▶ _ABOUT THIS TASK_
Look through the material below and copy exactly the lines from the line with "FREIGHTLINER FLD120 SD MUD FLAP HANGER" to the line with "Antenna Abduzz Ep.", those two lines included.
BEGIN RECORDED INFORMATION
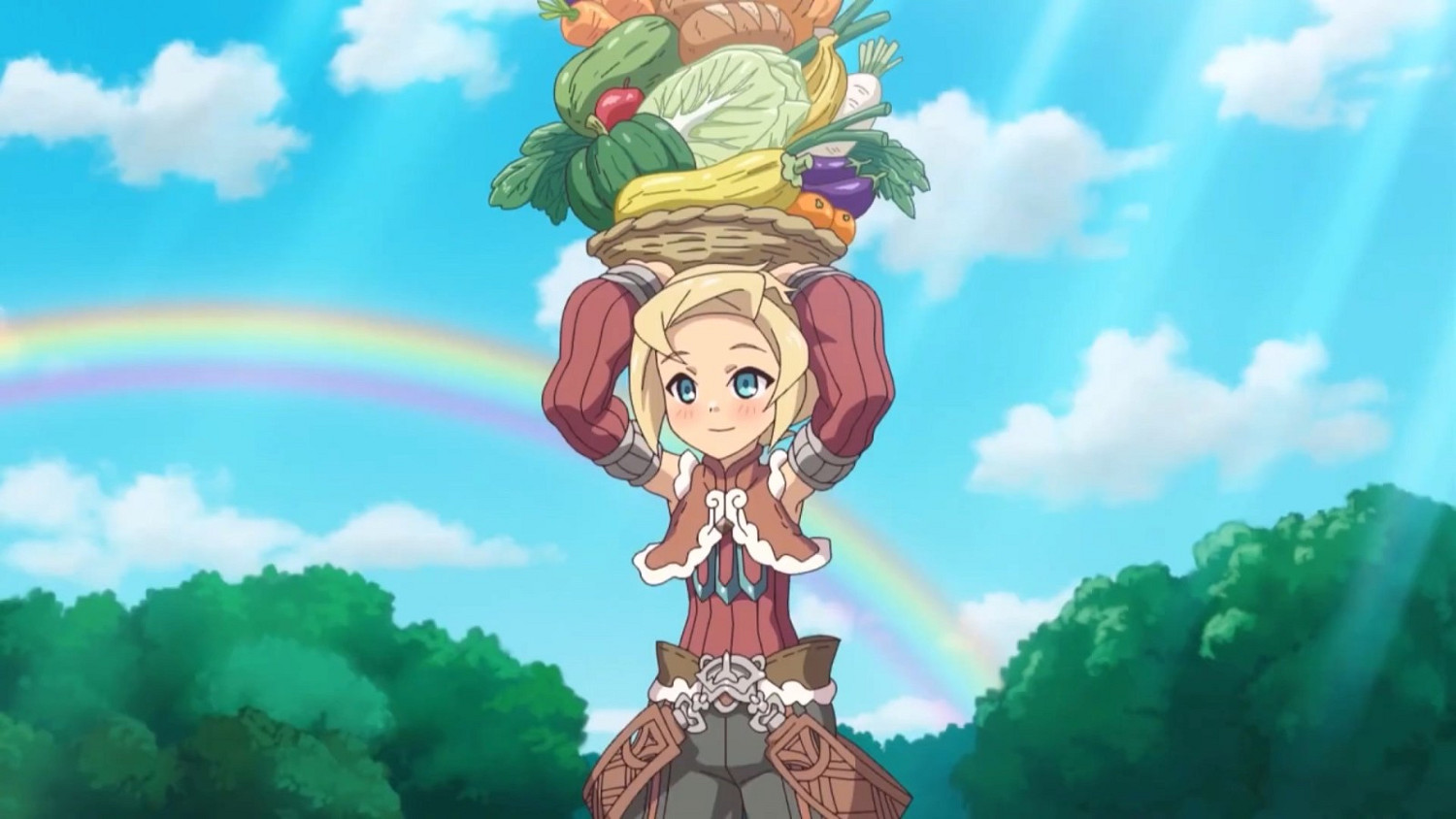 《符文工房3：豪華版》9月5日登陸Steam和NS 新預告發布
END RECORDED INFORMATION
BEGIN RECORDED INFORMATION
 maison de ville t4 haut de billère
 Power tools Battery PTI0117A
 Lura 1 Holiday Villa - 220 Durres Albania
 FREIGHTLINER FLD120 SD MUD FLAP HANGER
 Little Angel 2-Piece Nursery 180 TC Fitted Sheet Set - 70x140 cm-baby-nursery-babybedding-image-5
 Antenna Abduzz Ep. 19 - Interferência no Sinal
END RECORDED INFORMATION
BEGIN RECORDED INFORMATION
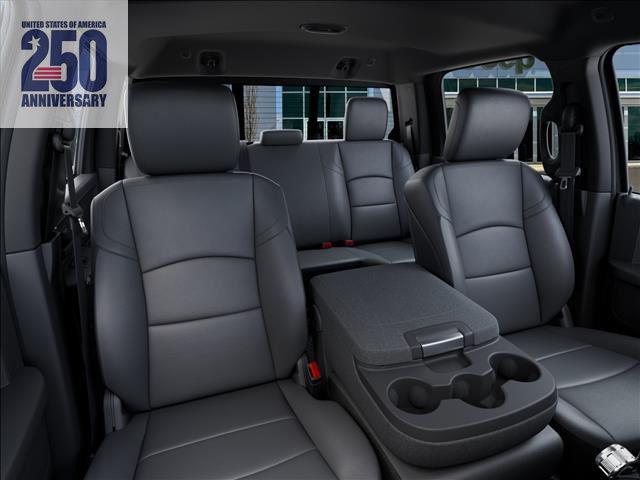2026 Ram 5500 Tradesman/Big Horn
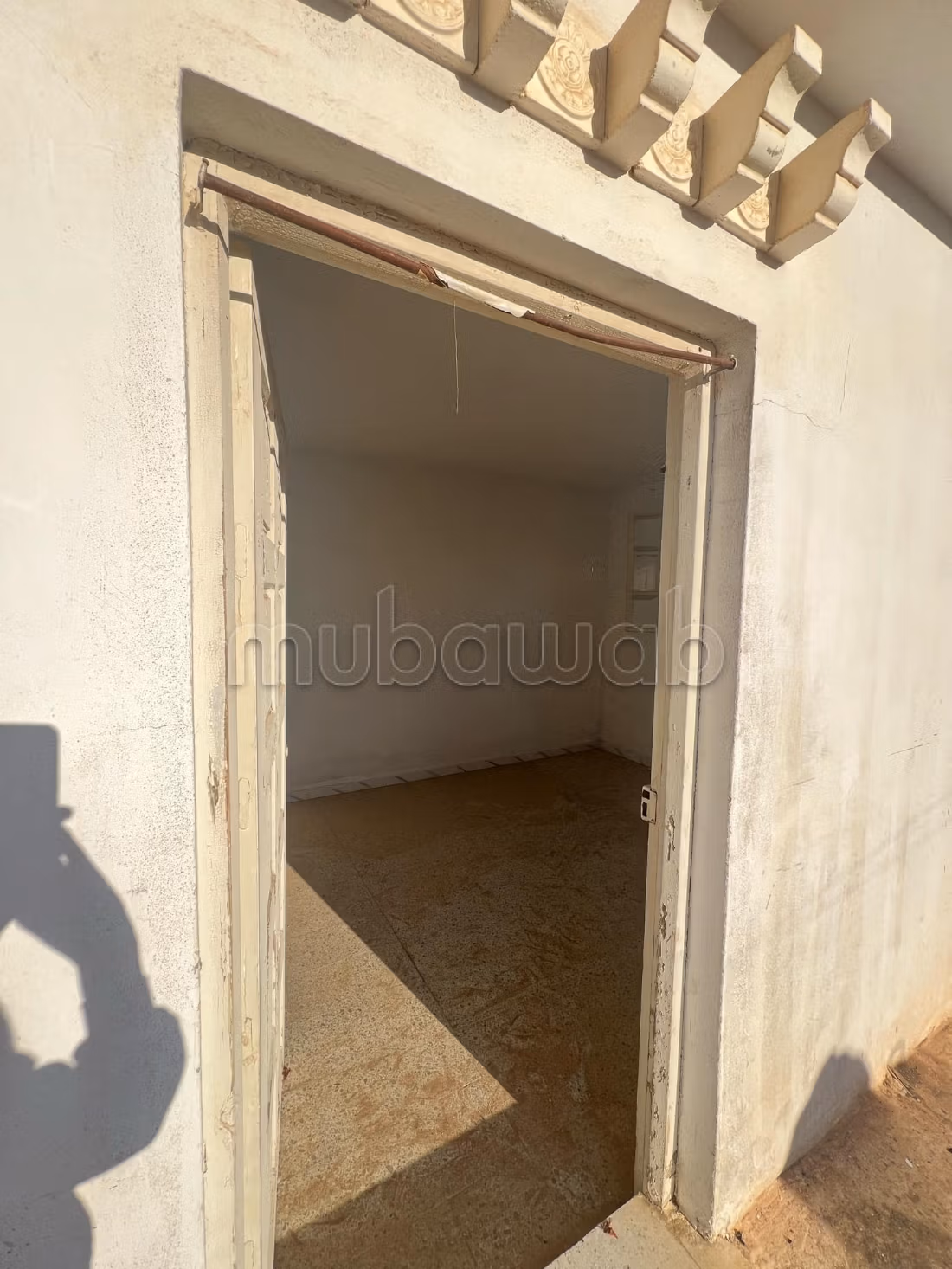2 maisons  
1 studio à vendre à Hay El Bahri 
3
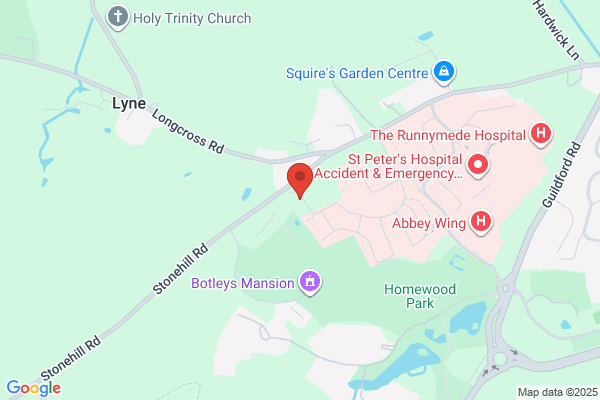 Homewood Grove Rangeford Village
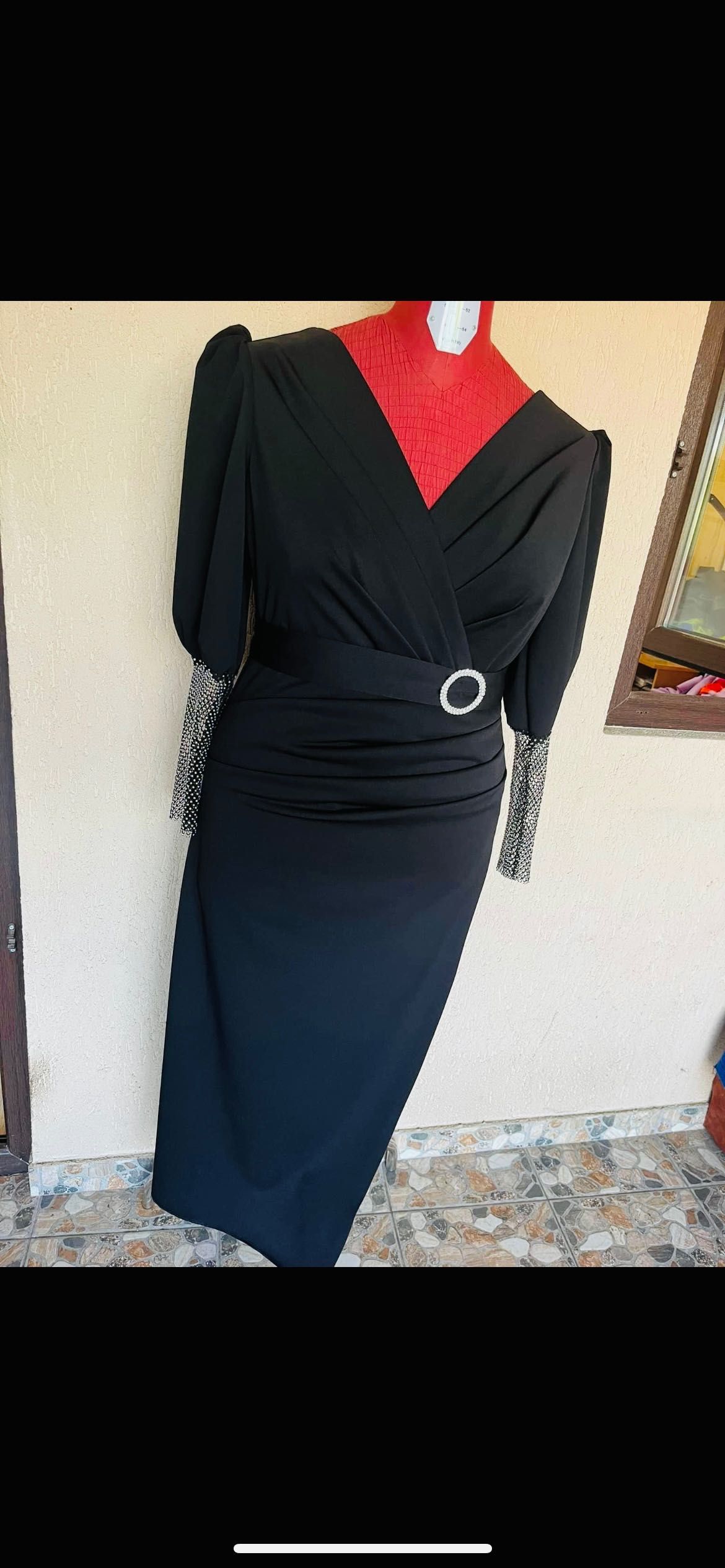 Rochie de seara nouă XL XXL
END RECORDED INFORMATION
▶ _ANSWER BOX_
 FREIGHTLINER FLD120 SD MUD FLAP HANGER
 Little Angel 2-Piece Nursery 180 TC Fitted Sheet Set - 70x140 cm-baby-nursery-babybedding-image-5
 Antenna Abduzz Ep. 19 - Interferência no Sinal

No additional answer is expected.